A big change is structural, however. In 2016, a good deal of the old, postwar structure of media remained in place, like evening news broadcasts, along with the cable news apparatus that got layered on during the 1990s and the basic infrastructure of digital news in the 2000s. The 2016 election was the first in which a supermajority of Americans owned smartphones. Phone news push alerts gained prominence in 2015 and 2016, just in time for each turn of that unbelievable thing happening in the country.

Twitter introduced the quote-tweet function in 2015 and shifted toward an algorithmic timeline in the spring of 2016; the combination juiced essentially every Trump tweet into a conflict that sat there like an electromagnet. Mentions of Mr. Trump on Facebook were so prominent and constant, they could barely be compared with those of the other candidates.

Some of the deep challenges that the media business faced then persist (like the steep decline in newspaper circulation that began during the Great Recession), but some, like cord cutting, were more an existential threat rather than the massive, ongoing shift it is now. And streaming and digital options were exploding, seeming poised to replace the old. Mr. Trump knew and understood the old media (the desire for spectacle and participation) and was the perfect vessel for social media (constant debate about him). The result of the old and new at the same time was like a Trump cacophony.

Eight years later, Mr. Trump is often on TV less compared to his presidency, and fewer people are watching; he’s not on social media in the same way, and social media is kind of falling apart, except for TikTok, which is less centralized. Last summer, John Herrman wondered if 2024 would be “a placeless race, in which voters and candidates can and will, despite or maybe because of a glut of fragmented content, ignore the news.”

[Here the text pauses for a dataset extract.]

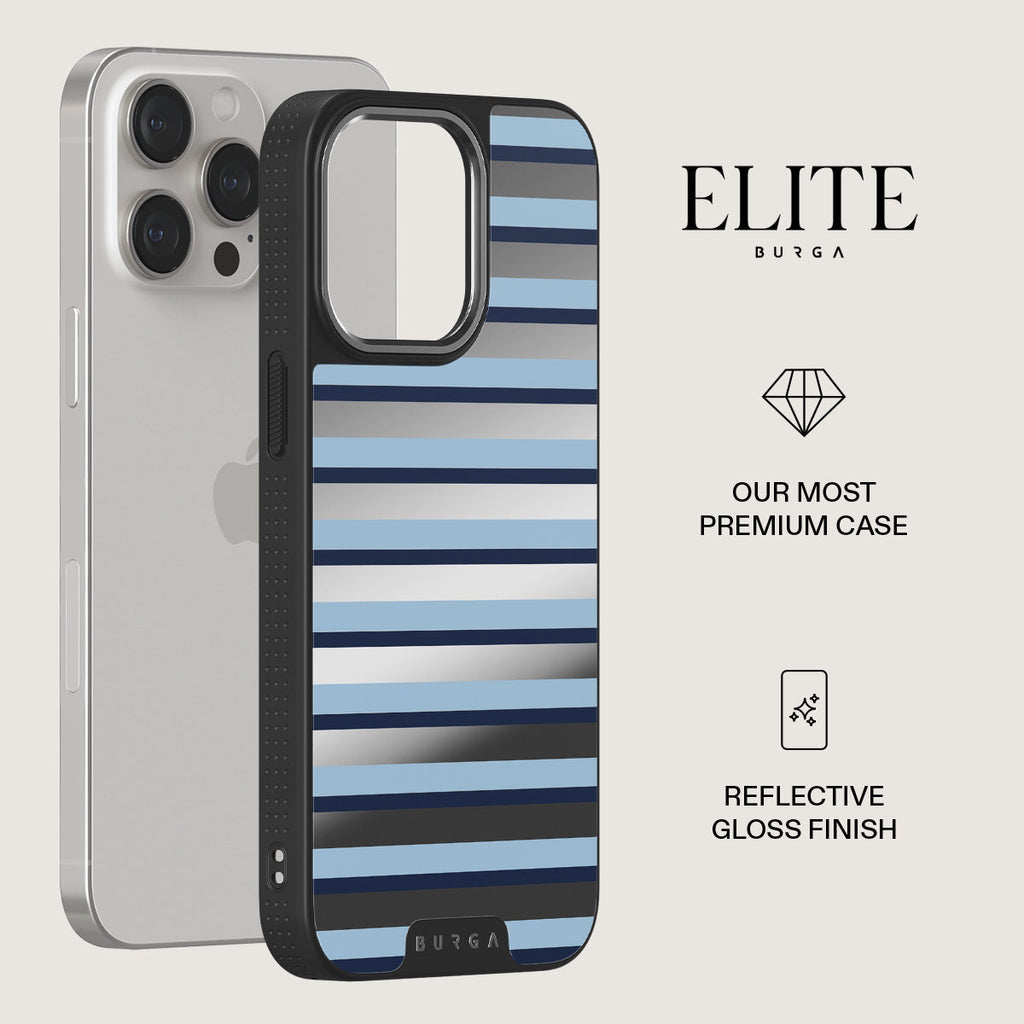 Window Seat - iPhone 14 Pro Case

The smallest percentage of households are being reached by paid, live television since 1991, according to research by MoffettNathanson. The old newspapers and new digital outlets continue to scale back or shut down. Last year, during jury selection for the E. Jean Carroll defamation trial, potential jurors offered a wide range of answers for how they kept up with the news. A few people said CNN. One said local CBS AM radio. “Google, anything on the internet,” one man said. “Social media is my news outlet,” one woman said, as The New Yorker reported. “Every now and then I’ll listen to a podcast,” Juror 71 said. “I don’t barely watch the news — I just watch YouTube,” Juror 31 said.